• **What you have to do**:
The reader should set down exactly the lines from the one containing "2004 Suzuki Jimny" through the last line of the material, omitting every picture.

• **Information shown**:
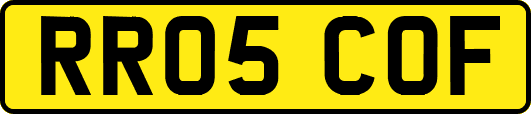RR05COF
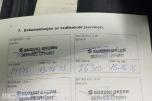 2004 Suzuki Jimny 1.3 82hk 4X4 Reparasjonsobjekt Takstativ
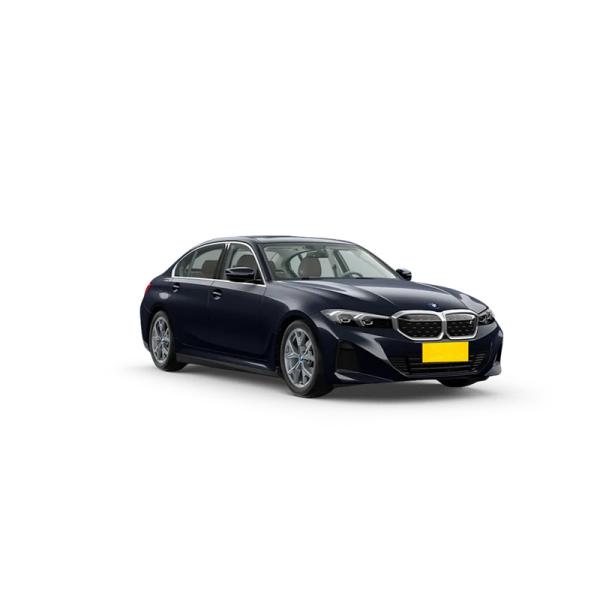 Max Speed 180km/h 4-door 5-seat 2023 i3 Drive 35L 526km Electric Car Eco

• **Result below**:
 2004 Suzuki Jimny 1.3 82hk 4X4 Reparasjonsobjekt Takstativ
 Max Speed 180km/h 4-door 5-seat 2023 i3 Drive 35L 526km Electric Car Eco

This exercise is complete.